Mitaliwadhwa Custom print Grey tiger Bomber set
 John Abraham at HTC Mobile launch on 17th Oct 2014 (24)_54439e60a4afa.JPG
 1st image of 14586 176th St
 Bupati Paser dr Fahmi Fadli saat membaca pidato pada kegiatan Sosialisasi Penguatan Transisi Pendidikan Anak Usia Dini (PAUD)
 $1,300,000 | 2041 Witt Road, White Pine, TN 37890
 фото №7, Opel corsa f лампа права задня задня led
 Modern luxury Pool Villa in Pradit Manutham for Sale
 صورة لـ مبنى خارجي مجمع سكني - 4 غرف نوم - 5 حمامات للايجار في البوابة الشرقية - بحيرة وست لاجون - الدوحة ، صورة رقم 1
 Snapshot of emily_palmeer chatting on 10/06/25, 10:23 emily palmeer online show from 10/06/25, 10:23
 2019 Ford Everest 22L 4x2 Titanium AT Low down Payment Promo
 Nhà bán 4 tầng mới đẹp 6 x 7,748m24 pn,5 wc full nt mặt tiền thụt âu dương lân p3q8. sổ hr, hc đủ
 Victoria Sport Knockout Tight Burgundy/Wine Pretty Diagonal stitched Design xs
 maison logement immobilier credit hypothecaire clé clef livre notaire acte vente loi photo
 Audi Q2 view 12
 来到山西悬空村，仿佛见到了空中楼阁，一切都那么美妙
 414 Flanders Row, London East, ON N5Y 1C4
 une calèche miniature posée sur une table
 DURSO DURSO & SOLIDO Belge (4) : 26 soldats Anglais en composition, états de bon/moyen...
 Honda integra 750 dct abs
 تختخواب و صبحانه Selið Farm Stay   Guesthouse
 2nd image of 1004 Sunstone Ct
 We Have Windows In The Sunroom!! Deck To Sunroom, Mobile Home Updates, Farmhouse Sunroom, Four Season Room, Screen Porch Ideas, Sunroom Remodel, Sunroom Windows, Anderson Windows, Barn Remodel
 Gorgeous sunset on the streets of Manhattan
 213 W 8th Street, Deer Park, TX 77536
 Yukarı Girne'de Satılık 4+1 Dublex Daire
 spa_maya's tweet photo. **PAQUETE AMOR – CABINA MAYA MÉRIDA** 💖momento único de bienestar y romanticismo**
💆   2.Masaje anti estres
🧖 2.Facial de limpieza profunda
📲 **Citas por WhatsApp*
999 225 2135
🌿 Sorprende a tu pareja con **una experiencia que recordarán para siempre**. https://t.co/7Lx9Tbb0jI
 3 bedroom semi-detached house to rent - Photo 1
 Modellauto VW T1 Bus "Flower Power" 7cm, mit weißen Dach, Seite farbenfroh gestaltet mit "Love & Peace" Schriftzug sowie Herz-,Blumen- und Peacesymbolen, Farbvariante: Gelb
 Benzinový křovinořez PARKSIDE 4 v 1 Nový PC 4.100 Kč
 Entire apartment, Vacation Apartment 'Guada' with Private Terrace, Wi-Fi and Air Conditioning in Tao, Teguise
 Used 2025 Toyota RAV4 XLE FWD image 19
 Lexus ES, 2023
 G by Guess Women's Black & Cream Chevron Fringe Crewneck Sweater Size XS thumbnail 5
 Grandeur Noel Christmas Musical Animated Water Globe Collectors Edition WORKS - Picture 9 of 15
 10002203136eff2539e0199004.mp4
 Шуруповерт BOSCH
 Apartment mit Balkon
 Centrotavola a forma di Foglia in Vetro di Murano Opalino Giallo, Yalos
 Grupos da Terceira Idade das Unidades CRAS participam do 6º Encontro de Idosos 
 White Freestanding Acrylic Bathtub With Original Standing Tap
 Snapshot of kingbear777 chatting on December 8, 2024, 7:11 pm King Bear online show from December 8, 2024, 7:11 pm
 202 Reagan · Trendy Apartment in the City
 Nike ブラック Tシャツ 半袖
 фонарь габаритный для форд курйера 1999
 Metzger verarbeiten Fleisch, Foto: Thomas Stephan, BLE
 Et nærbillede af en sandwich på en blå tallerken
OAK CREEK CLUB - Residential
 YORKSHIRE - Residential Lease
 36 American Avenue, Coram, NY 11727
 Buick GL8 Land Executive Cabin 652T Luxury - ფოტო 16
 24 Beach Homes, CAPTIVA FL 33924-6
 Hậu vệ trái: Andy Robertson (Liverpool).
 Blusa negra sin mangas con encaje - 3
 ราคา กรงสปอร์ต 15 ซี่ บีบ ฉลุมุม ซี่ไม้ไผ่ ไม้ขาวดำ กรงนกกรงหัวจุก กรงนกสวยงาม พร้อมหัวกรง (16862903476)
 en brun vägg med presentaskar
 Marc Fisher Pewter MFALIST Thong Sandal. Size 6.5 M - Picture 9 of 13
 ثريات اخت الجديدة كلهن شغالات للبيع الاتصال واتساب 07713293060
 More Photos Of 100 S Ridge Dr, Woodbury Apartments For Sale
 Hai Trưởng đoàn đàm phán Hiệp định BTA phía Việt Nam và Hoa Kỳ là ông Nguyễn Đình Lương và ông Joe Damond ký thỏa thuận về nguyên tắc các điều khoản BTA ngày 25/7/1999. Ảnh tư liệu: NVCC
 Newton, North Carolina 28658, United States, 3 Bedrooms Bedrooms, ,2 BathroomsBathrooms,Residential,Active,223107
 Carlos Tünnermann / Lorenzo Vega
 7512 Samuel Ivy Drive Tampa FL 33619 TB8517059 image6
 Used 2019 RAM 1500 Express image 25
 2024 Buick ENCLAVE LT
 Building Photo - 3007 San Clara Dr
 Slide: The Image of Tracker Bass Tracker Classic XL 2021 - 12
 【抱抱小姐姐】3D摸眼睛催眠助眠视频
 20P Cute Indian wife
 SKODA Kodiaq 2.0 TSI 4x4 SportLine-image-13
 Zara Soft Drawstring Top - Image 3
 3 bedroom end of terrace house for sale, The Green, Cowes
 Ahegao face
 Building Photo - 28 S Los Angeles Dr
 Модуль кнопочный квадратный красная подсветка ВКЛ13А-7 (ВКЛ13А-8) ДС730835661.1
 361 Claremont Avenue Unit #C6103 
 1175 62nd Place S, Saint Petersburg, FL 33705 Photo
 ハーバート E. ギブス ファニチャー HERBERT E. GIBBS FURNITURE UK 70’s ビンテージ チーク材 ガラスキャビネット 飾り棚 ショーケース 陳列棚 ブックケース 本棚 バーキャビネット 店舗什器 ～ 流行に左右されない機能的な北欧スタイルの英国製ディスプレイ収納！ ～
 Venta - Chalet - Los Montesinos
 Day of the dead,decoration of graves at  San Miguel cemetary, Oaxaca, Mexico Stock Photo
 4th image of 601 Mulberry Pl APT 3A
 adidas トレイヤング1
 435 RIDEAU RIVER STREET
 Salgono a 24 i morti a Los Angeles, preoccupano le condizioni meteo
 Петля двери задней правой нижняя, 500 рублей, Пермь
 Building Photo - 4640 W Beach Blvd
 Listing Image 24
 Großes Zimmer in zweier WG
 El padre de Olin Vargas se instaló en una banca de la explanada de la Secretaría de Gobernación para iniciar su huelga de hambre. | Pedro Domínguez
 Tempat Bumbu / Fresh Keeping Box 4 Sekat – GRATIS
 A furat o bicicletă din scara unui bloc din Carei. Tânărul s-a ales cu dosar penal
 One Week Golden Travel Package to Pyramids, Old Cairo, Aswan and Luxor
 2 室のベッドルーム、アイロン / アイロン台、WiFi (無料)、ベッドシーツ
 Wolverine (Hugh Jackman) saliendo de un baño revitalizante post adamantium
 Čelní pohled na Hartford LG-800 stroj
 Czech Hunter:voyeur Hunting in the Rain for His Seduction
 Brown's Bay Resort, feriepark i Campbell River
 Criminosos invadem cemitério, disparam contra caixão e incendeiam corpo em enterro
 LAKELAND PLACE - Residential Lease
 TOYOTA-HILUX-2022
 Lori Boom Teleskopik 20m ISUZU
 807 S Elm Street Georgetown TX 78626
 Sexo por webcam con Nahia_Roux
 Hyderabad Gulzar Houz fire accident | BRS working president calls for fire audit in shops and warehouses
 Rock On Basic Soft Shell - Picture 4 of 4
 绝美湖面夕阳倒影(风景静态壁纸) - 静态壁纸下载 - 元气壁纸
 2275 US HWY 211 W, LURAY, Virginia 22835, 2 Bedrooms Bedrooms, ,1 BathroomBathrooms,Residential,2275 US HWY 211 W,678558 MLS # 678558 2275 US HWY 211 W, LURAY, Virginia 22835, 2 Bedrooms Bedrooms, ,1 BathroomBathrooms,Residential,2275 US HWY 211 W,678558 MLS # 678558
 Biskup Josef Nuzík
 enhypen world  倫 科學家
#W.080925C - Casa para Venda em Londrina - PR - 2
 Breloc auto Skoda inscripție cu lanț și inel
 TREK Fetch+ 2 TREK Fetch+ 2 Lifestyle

-------------------------

**INSTRUCTIONS TO FOLLOW**
Every line above from the line with "une calèche miniature posée sur une table" to the line with "de limpieza profunda", both included, must be reproduced exactly, and no other line may appear.

**PROBLEM SOLUTION**
 une calèche miniature posée sur une table
 DURSO DURSO & SOLIDO Belge (4) : 26 soldats Anglais en composition, états de bon/moyen...
 Honda integra 750 dct abs
 تختخواب و صبحانه Selið Farm Stay   Guesthouse
 2nd image of 1004 Sunstone Ct
 We Have Windows In The Sunroom!! Deck To Sunroom, Mobile Home Updates, Farmhouse Sunroom, Four Season Room, Screen Porch Ideas, Sunroom Remodel, Sunroom Windows, Anderson Windows, Barn Remodel
 Gorgeous sunset on the streets of Manhattan
 213 W 8th Street, Deer Park, TX 77536
 Yukarı Girne'de Satılık 4+1 Dublex Daire
 spa_maya's tweet photo. **PAQUETE AMOR – CABINA MAYA MÉRIDA** 💖momento único de bienestar y romanticismo**
💆   2.Masaje anti estres
🧖 2.Facial de limpieza profunda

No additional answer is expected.